NHK日曜美術館・奥田元宗の絵を見て思うこと

奥田元宗の絵を初めてみた。このような日本画家がいたことを私は知らなかった。奥田画伯は人にはそれぞれ備わった色があり、自分には赤がそうだった、と言われている。秋の紅葉を描いた大作に圧倒される。いや息を飲むばかりだ。その中で海と空と初夏の田園風景を描いた作品に私は惹かれた。人は自然の中で生まれ、自然と共に生き、働き、そして死んでいく。その厳しさと美しさを、私はどれだけ知っているだろうか。少年時代に元宗は既に芸術に生きることを心に誓っている。芸術に生きるということは大変なことだ。最晩年の作品は輪廻をテーマにしているが、芸術の真髄は求めれば求めるほど、さらに遠のき、たった1回の人生では近づくことさえ叶わない。もう一度生まれ、いや何回も生まれ変わって芸術の真髄に迫りたいという思いが、画を通してひしひしと伝わってくる、達観と祈りがこめられた画だ。
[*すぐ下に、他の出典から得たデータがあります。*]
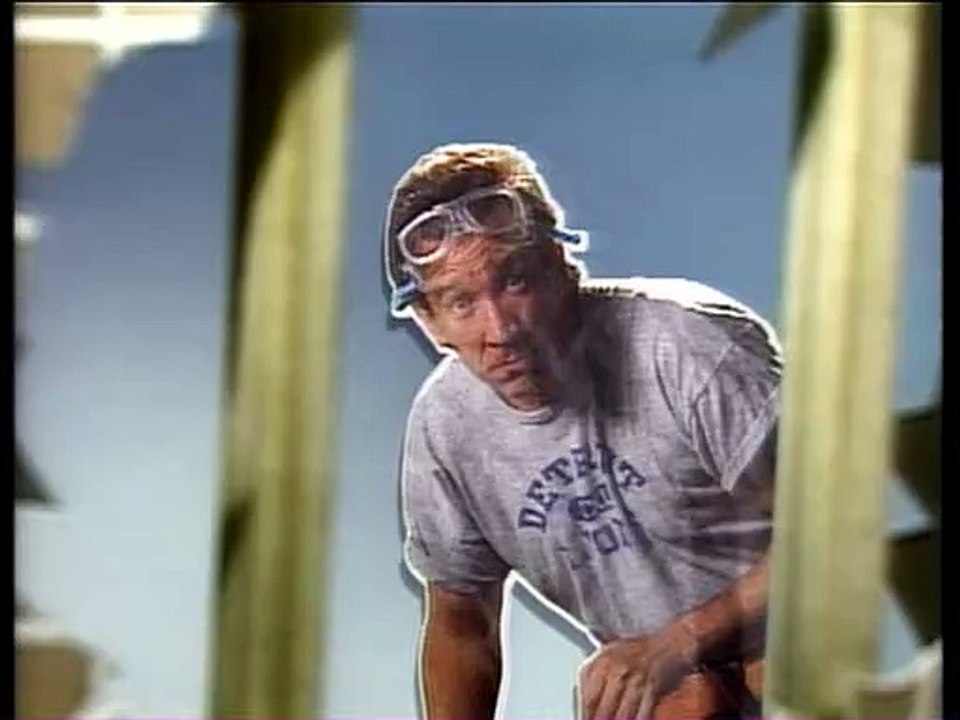 Hör mal wer da hämmert S01E23-Al,der Aufreisser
銀閣寺から依頼された画も本当に胸を打つ。奥田元宗が自分の画業の集大成として描いた画とのことだ。私の人生は芸術そのものではないが、自分の人生とその中心にある魂を何らかの形で表現したいという願望がある。それが仕事であったり、ライフワークであったり、さまざまな形を取ることだろう。集大成とはどんなことなのか、考えていくキッカケを奥田元宗の画が教えてくれた。